Cybersecurity: A Job for Uncle Sam
FTC enforcement of existing laws is certainly an alternative to new legislation. In your time as a commissioner, how effective do you think your attempts at enforcement were?
We were moving. The case with BJ’s Wholesale Club was an example. That was a settlement stemming from a case presented back in May of 2005. [The FTC charged that BJ’s did not reasonably protect sensitive customer information, leading to fraudulent purchases made with counterfeit copies of credit and debit cards.] The FTC’s Unfairness Doctrine relates to conduct that a firm might engage in, which has the consumer at a critical disadvantage. Either the consumer doesn’t know anything about it or can’t do anything to correct it, and there’s no countervailing greater good that comes from the conduct. Using the Unfairness Doctrine, the FTC basically said that BJ’s Wholesale Club, by collecting sensitive and critical information and not taking adequate steps to protect it, had committed an "unfair" act against the consumers. A subsequent case for the FTC was DSW. [The FTC charged that hackers gained access to account information of 1.4 million customers of the shoe discounter.] The FTC nailed them on the same Unfairness Doctrine.
But here’s one of the troubling things about the FTC. It’s a civil law enforcement agency. It has a hard time enforcing criminal-like penalties. To do that, it has to go to the Justice Department, and of course, their plate is just a wee bit full. The FTC can only do so much in the way of punishing, as a famous man in town would say, "the evildoers." I often out of frustration would say, Our punishment amounts only to a small line item on this guy’s financial statement: penalties paid to the FTC for this. You just wonder about the effectiveness of the penalty structure.

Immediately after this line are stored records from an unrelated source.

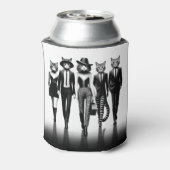 Cat Runway Models durch den Catwalk Dosenkühler (Kanne Rückseite)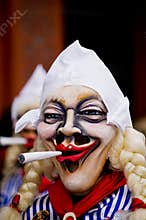 Carnival in Basel, Switzerland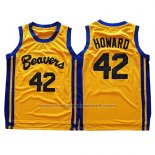 Maillot Film Beavers Dwight Howard #42 Jaune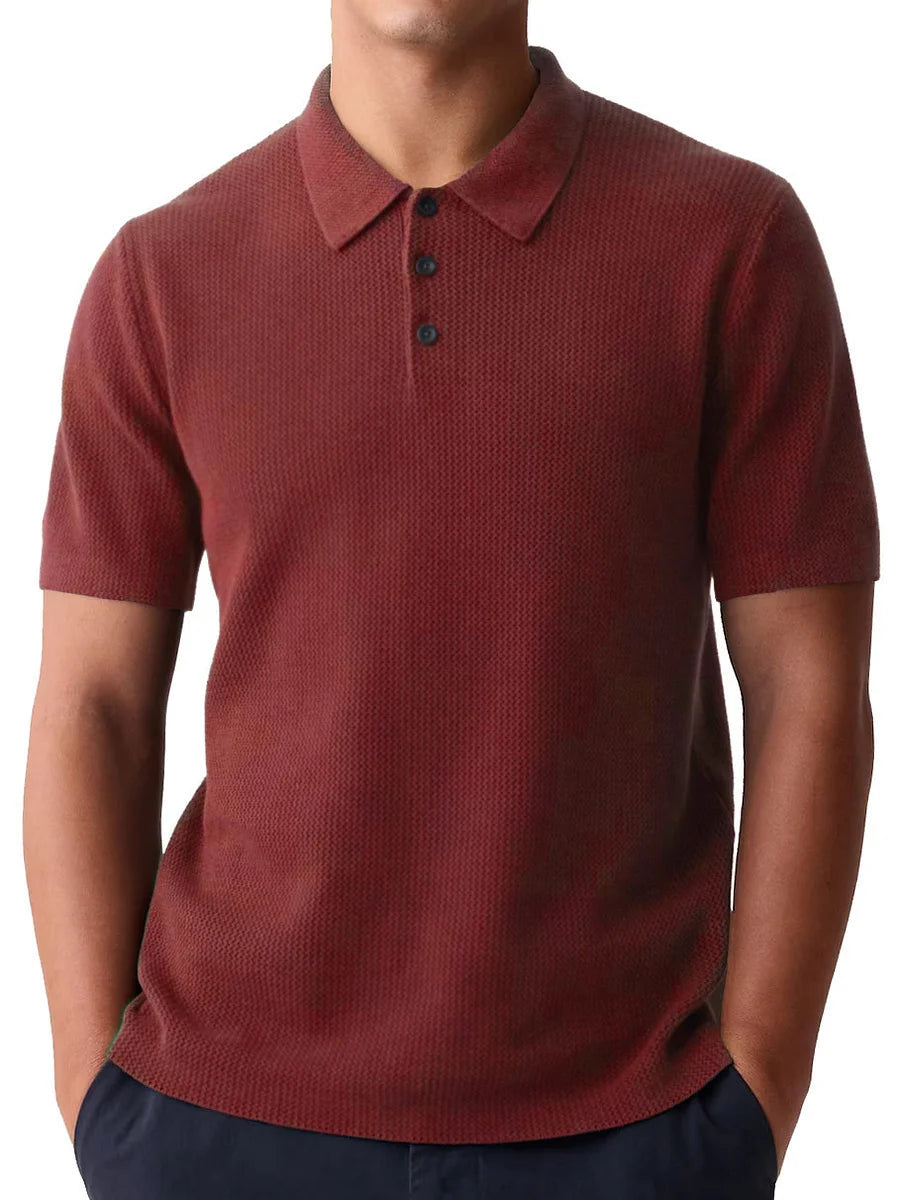 Polo Shirt - Lightweight Blend And Breathable Movement
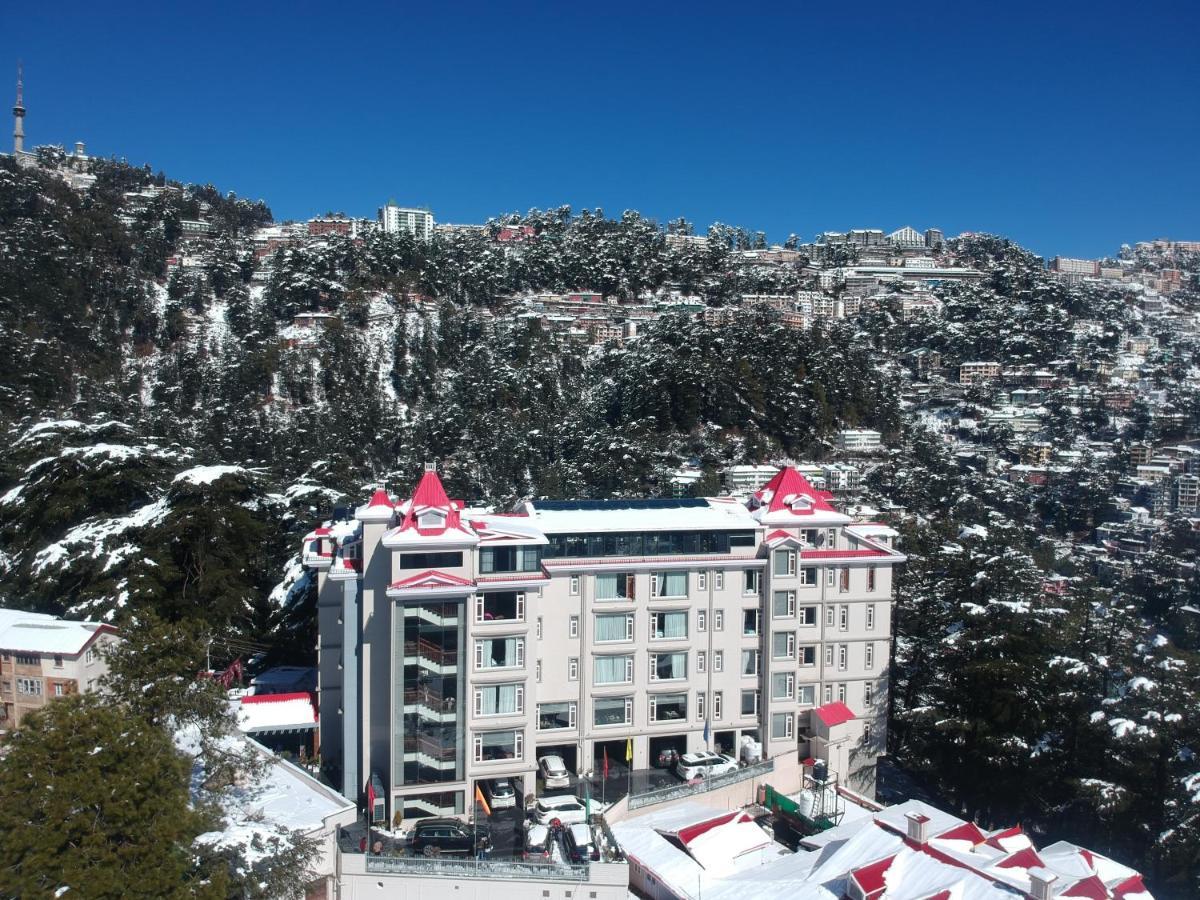 Welcomheritage Elysium Resort & Spa シムラー エクステリア 写真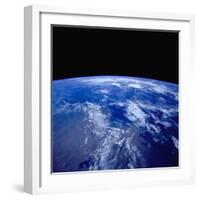 Earth from Space-Stocktrek-Framed Photographic Print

Should the penalty structure be changed?
We need to think about changing it in the context of what we’re dealing with today, as opposed to what we were dealing with 30 years ago. Back then, if I had an important document that I kept in my office, and you wanted to do harm to me, you could break into my office and find it and steal it. That’s a major crime. Today that document might exist in a digital format. It is within information systems that you can break into to steal the document. I’m not sure we think of that in the same way we did that physical thing. We need to rethink the nature of this type of crime and how it stacks up with those things we considered to be grievous crimes in the past.